Investment in student property has risen in 2017 due to the strong yields offered in university towns and cities coupled with a weak pound.
New research from Savills’ has revealed that investment in student property will reach £5.3 billion by the end of 2017. This marks a 17 per cent increase in comparison to 2016. The research suggested that Brexit may have added to the appetite for UK student housing after £2.1 billion was transacted in the sector after the referendum in comparison to £1.9 billion earlier in the year.
The growing demand for investing in student housing assets has outgrown the supply of available stock. 25 per cent of the £4.5 billion traded by Savils last year involved forward funding developments, whilst existing stock made up just 69 per cent of trades. This marks the lowest proportion on record.
The Mistoria Group, specialists in high yielding investment property, supported the high growth results, having seen demand for student property in the North West rise 38 per cent year on year. This was fueled by an increase in investment from Turkey, which accounted for 20 per cent of the growth. The UAE accounted for 9 per cent and Hong Kong at 5 per cent.
Managing Director of The Mistoria Group, Mish Liyanage, commented: ‘We have seen a large increase in international investors’ appetite for student accommodation. They are attracted to the UK because of the relatively low-cost student property on offer and the excellent net yields that range between 12 per cent and 15 per cent in the North West. Investors have a wide choice of accommodation to chose from, such as HMOs to purpose-built accommodation. There is a general shortage of student accommodation across the UK and especially in university cities such as Liverpool and Plymouth. In Liverpool, there are now 21,700 PBSA units, meaning 2.1 students for each unit. With supply of a further 12,400 units either under construction or with planning permission, this ratio just 1.4.’
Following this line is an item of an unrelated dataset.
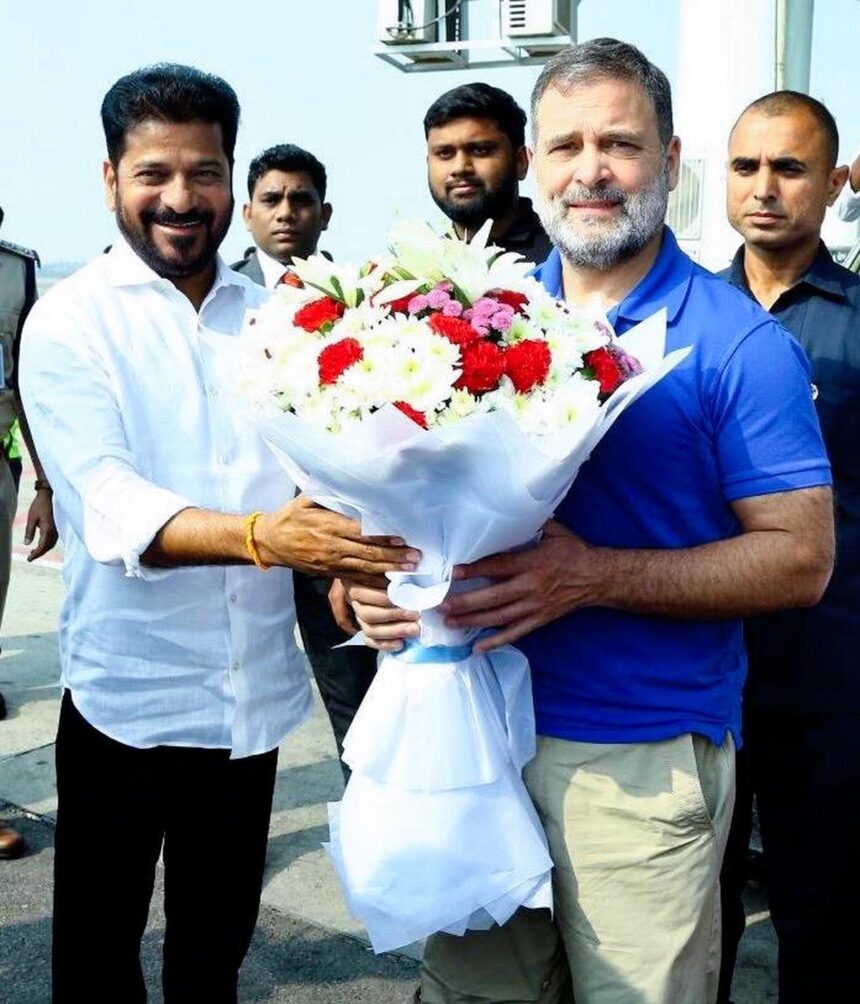 Rahul Gandhi signals readiness for PM role after Reddy’s appeal 1 20260302069L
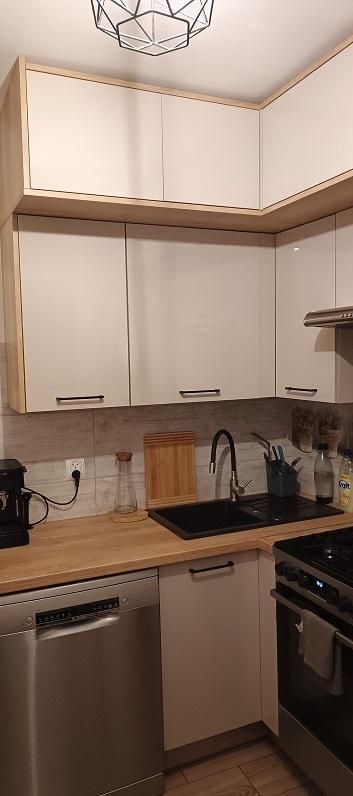 Mieszkanie 2-pokojowe Radzyń Podlaski, os. Bulwary. Zdjęcie 1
He concluded: ‘Liverpool is a great university city to invest in. An HMO property with a superior spec can deliver investors an average gross rental yield of 13 per cent, leveraged return on investment of 35 per cent plus, before any charges and voids. A three bed HMO which houses three students, can be bought from £120,000 upwards in Liverpool. The return on investment is very attractive too, with 13 per cent (8 per cent cash rental and 5 per cent capital growth). The gross rent on the property will exceed £1,235 pcm, as each room is rented out.’